## ASSIGNMENT
Give back the data exactly, with no images.

## DATA RECORDS
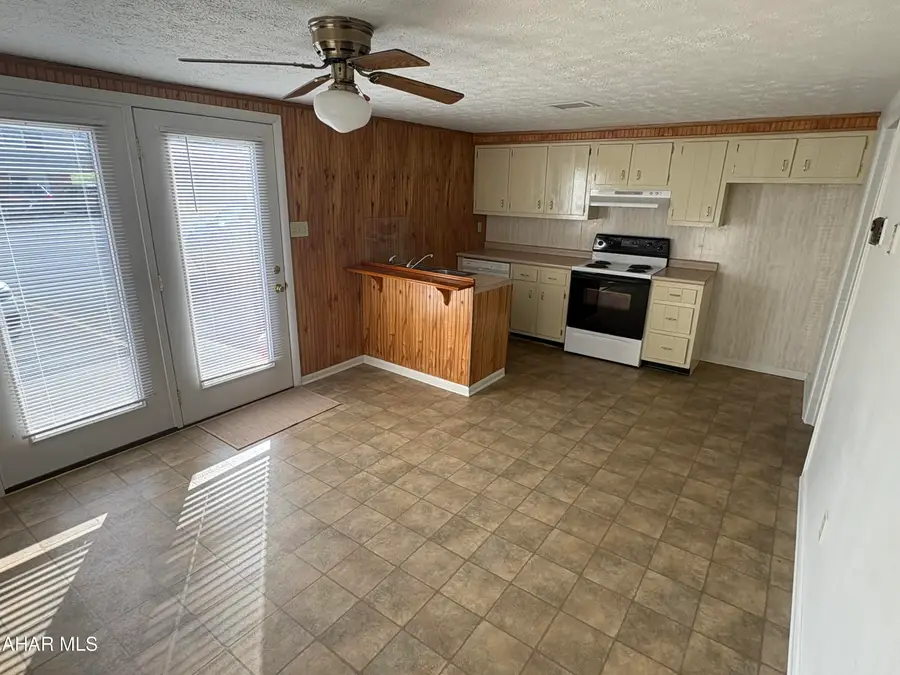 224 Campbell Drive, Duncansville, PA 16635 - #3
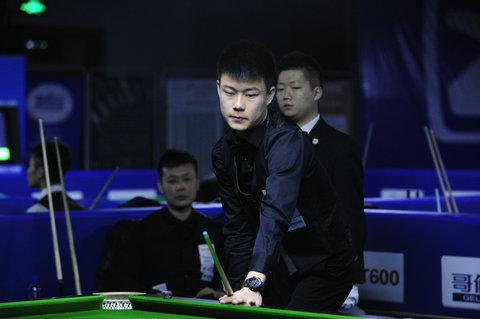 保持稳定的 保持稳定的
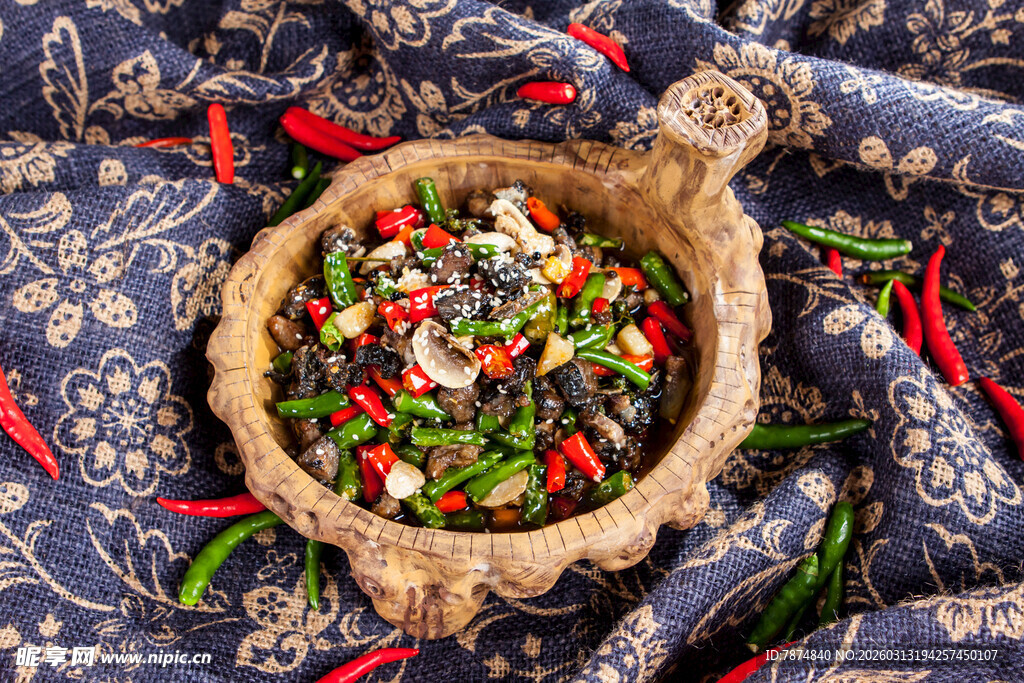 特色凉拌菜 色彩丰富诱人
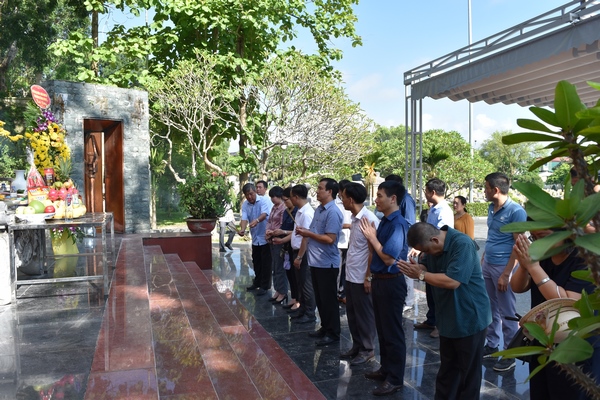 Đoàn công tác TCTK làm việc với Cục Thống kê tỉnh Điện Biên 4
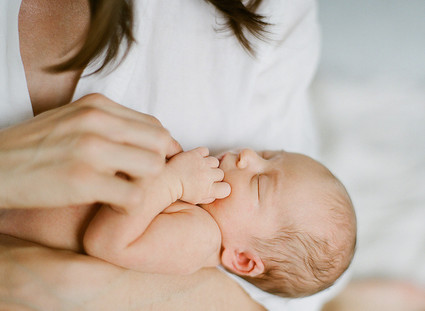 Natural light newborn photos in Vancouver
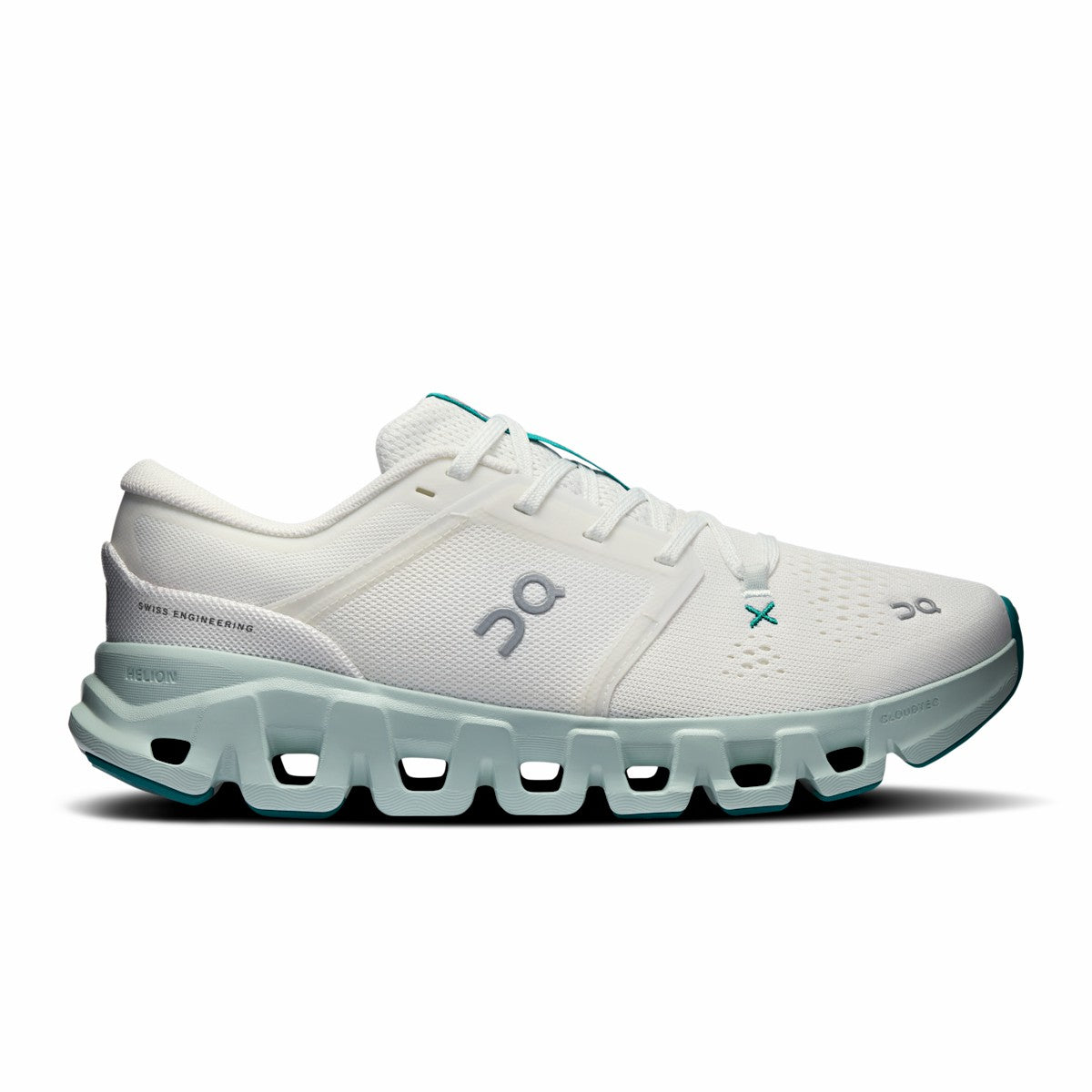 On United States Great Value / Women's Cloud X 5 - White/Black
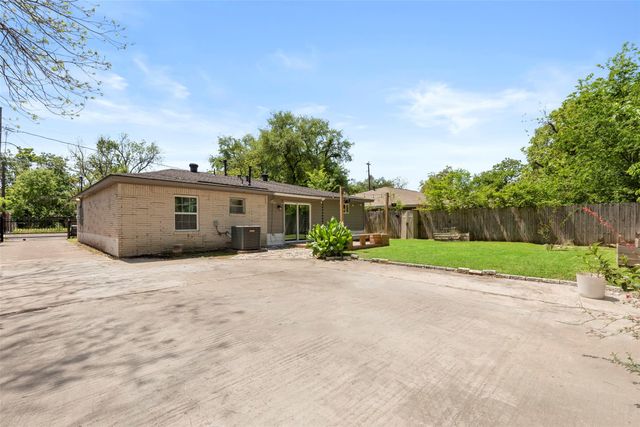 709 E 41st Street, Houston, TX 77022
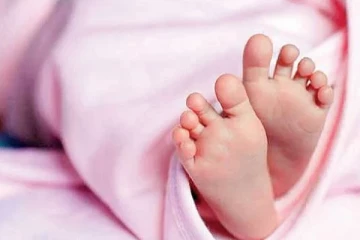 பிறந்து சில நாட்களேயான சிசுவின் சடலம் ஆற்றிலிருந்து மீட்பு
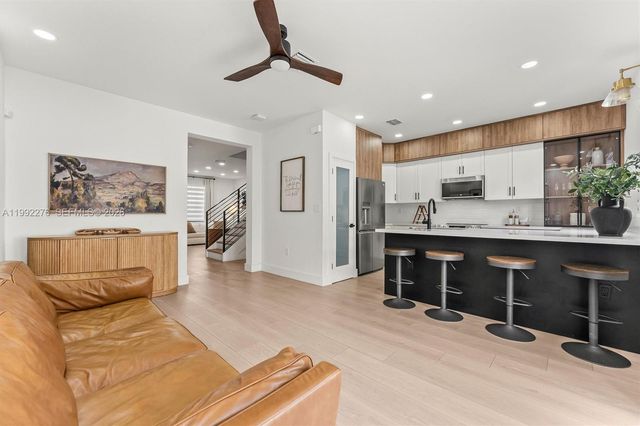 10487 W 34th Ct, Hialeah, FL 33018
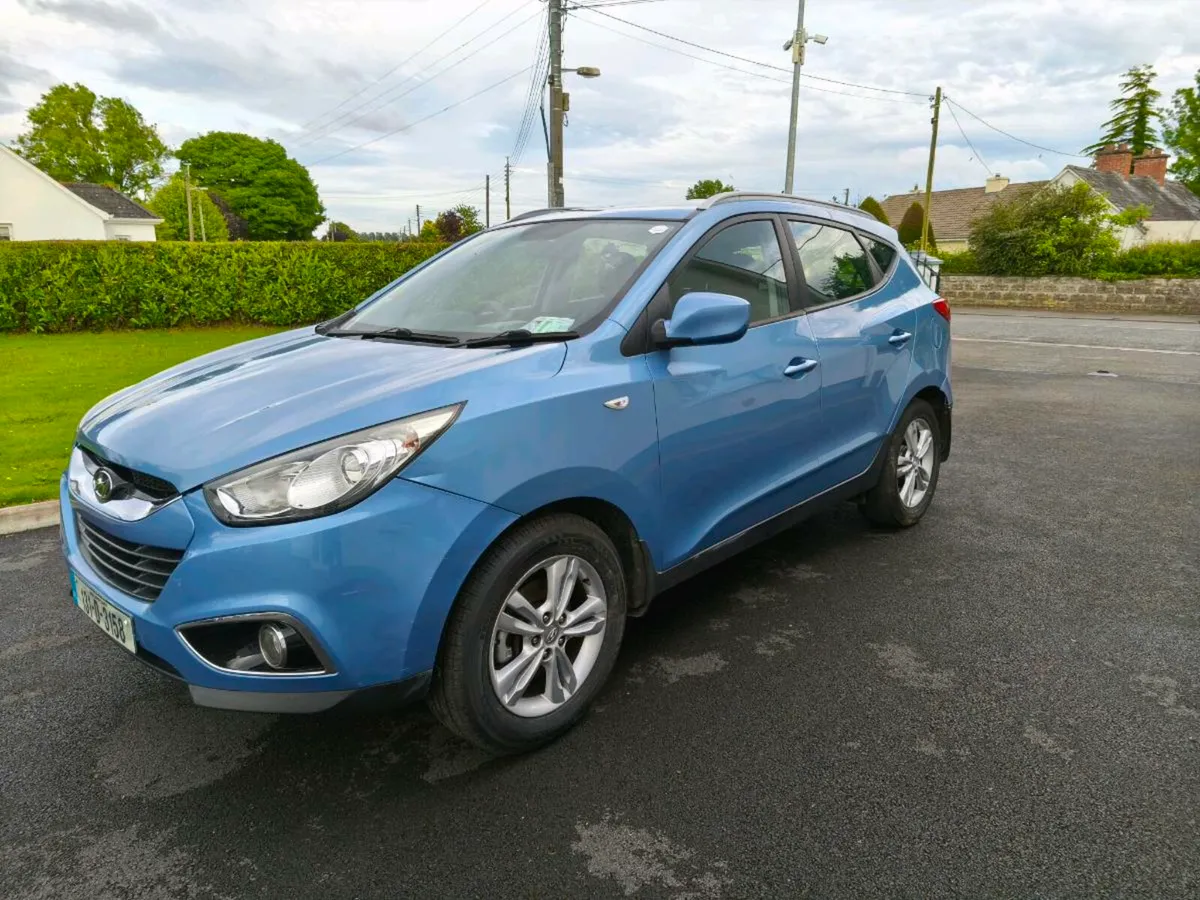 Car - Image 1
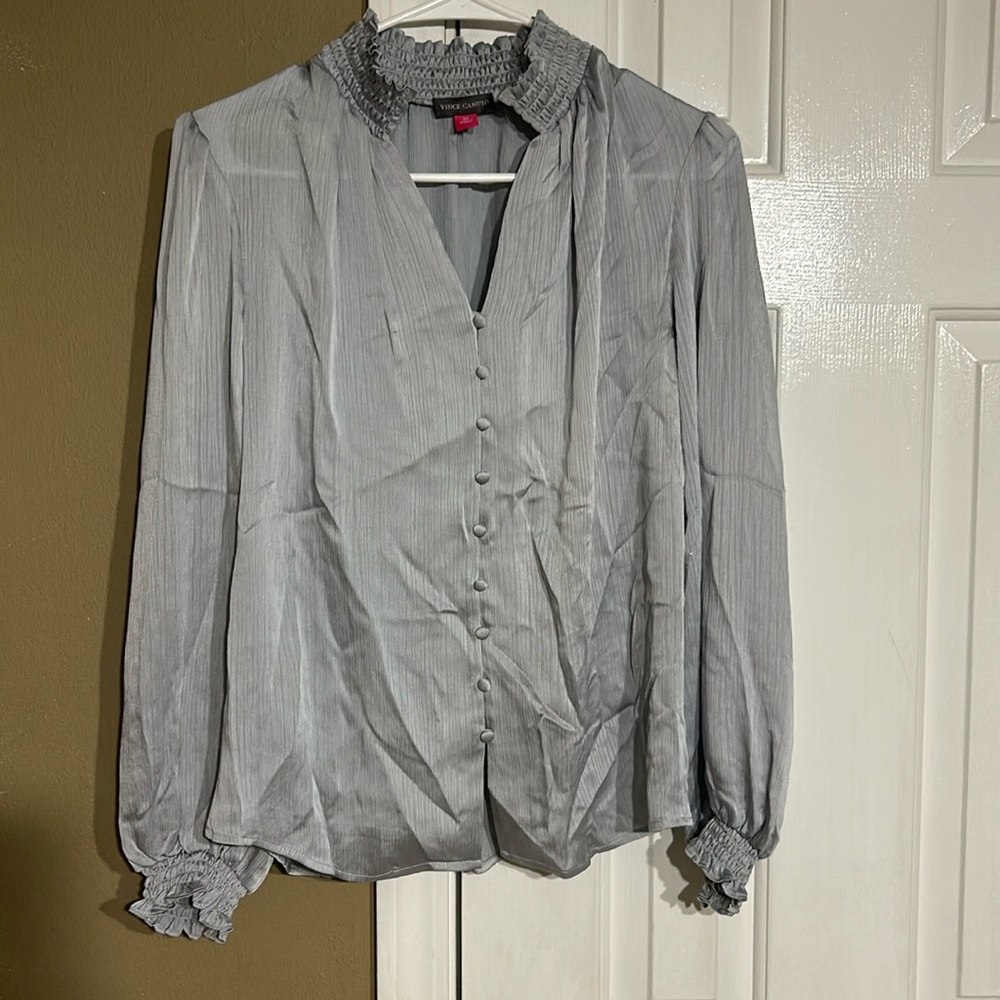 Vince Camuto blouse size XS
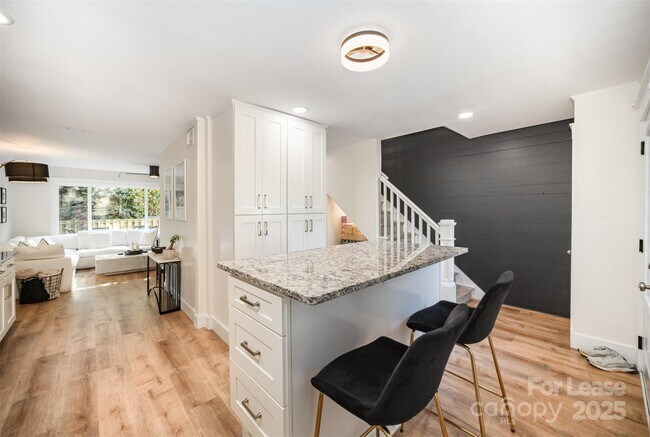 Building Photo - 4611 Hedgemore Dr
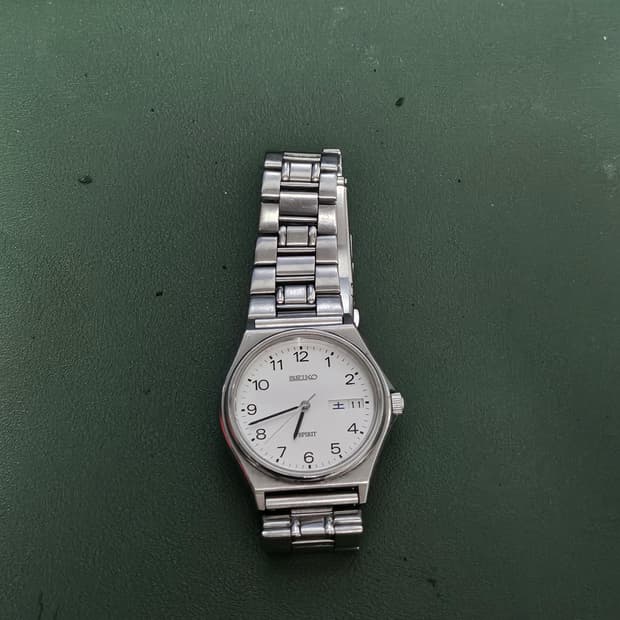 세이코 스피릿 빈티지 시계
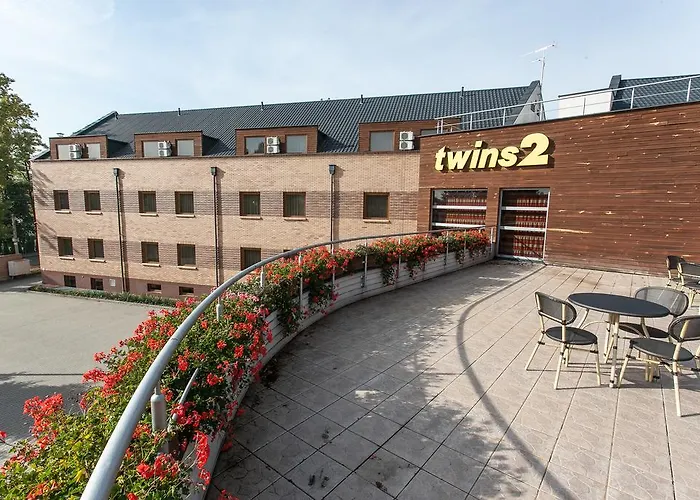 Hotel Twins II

## RESPONSE TO THE EXERCISE
 224 Campbell Drive, Duncansville, PA 16635 - #3
 保持稳定的 保持稳定的
 特色凉拌菜 色彩丰富诱人
 Đoàn công tác TCTK làm việc với Cục Thống kê tỉnh Điện Biên 4
 Natural light newborn photos in Vancouver
 On United States Great Value / Women's Cloud X 5 - White/Black
 709 E 41st Street, Houston, TX 77022
 பிறந்து சில நாட்களேயான சிசுவின் சடலம் ஆற்றிலிருந்து மீட்பு
 10487 W 34th Ct, Hialeah, FL 33018
 Car - Image 1
 Vince Camuto blouse size XS
 Building Photo - 4611 Hedgemore Dr
 세이코 스피릿 빈티지 시계
 Hotel Twins II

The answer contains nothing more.